Inside of a courthouse

BoBrow v. Commissioner: New Rules for IRA Rollovers

Disclaimer: With Medicaid, VA, and insurance regulations frequently changing, past blog posts may not be presently accurate or relevant. Please contact our office for information on current planning strategies, tips, and how-to's.

June  2014 Update:

The IRS has announced they will not apply the Bobrow interpretation of § 408(d)(3)(B) to any rollover that involves an IRA distribution occurring before January 1, 2015.


Original Post:

When purchasing a Medicaid Compliant Annuity with tax-qualified funds (e.g. an IRA), an applicant has two options: (1) a direct IRA transfer or (2) a 60-day IRA rollover.


The direct transfer consists of a plan-administrator to plan-administrator transfer.  The applicant fills out an authorization form for the transfer, and the insurance company issuing the Medicaid Compliant Annuity would essentially obtain the funds directly from the custodian company.  This process can take between two weeks to two months complete, thus delaying eligibility until the transfer is completed.


A 60-day rollover consists of the applicant contacting the company holding the tax-qualified funds and initiating a complete liquidation of the account without withholding any taxes.  The liquidation check is usually received within five to seven business days of the request, and as long as the funds are reinvested into the tax-qualified Medicaid Compliant Annuity within 60 days, immediate tax consequences would usually be avoided.

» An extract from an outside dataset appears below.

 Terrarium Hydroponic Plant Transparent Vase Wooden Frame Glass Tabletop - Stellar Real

Individuals are allowed unlimited IRA transfers, and one IRA rollover per account, per year.  Or so everyone thought.


In Bobrow v. Commissioner, T.C. Memo 2014-21, the tax court held that the once-per-year limitation applies to all of a taxpayer’s IRA accounts: “Regardless of how many IRAs he or she maintains, a taxpayer may make only one non-taxable rollover contribution each one-year period.”  This contradicts the IRS’ interpretation of IRC § 408(d)(3)(B).  Publication 590 provides that “if you make a tax-free rollover of any part of a distribution from a traditional IRA, you cannot, within a one-year period, make a tax-free rollover of any later distribution from that same IRA.”

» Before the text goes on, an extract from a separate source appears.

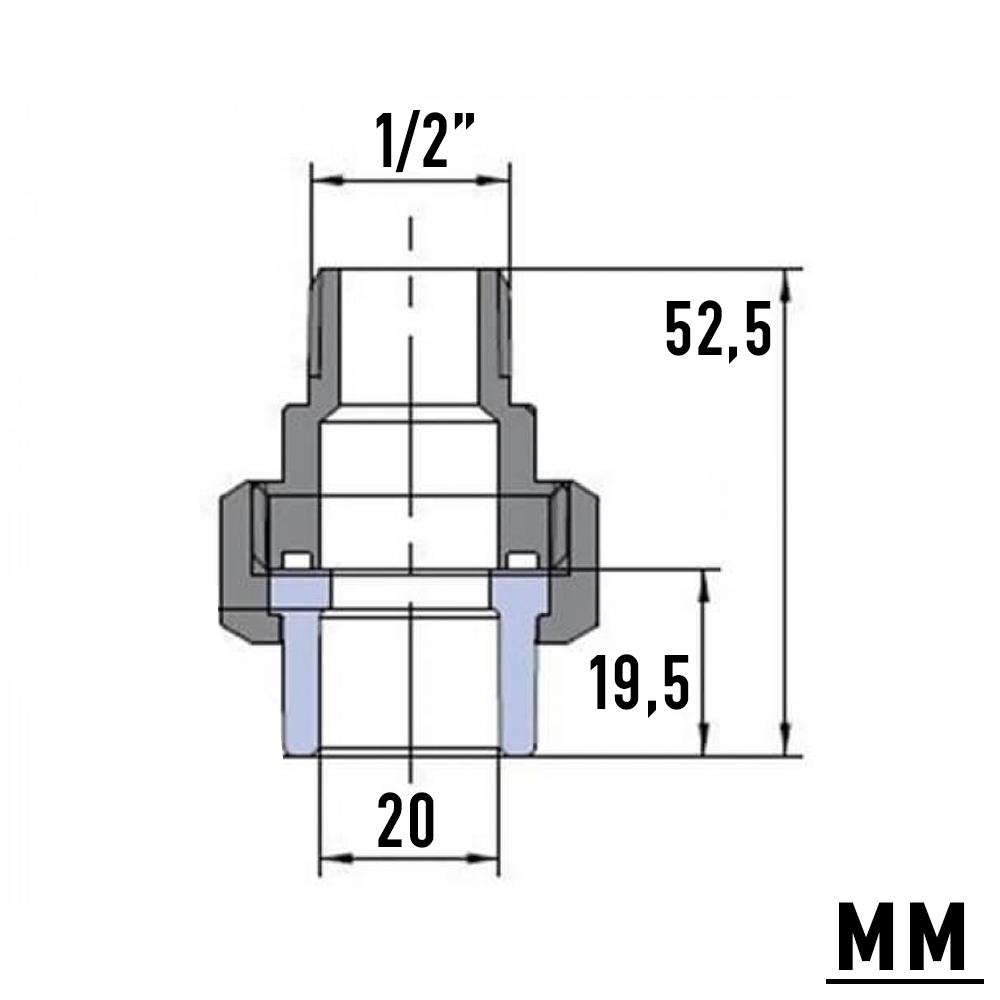 Розбірне з'єднання Wavin PP-R 20 мм 1/2" зовнішне - фото 2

At this point in time, it is unclear as to what impact this decision will have.  Will the IRS change its approach to rollovers from multiple IRAs?  The tax court’s decision does provide a precedent that the IRS can rely on to do so.  I recommend consulting with a tax advisor before moving around IRA funds in a Medicaid or VA planning case involving an individual that owns multiple IRAs.  It may be best to space out the rollovers, or opt to use a direct transfer and bypass the issue completely.

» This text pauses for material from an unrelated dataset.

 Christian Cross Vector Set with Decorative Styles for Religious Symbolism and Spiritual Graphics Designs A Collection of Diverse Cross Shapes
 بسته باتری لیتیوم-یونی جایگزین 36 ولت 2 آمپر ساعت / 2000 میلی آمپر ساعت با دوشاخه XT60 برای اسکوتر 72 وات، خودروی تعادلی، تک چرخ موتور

Sign In to Comment on this Article

  1. Samie Rossi The Hughes Law Firm says:

    With this new decision, would the annuity company allow for the transfer of multiple IRA accounts to then fund one SPIA?

    • Dale Krause says:


      The ruling outlined that one IRA rollover, per individual, could be made each year. Not per account. That being said, if you opted to follow the decision, multiple IRA rollovers into one SPIA would be an issue. However, multiple IRA transfers into one SPIA would be a means of bypassing any potential issue.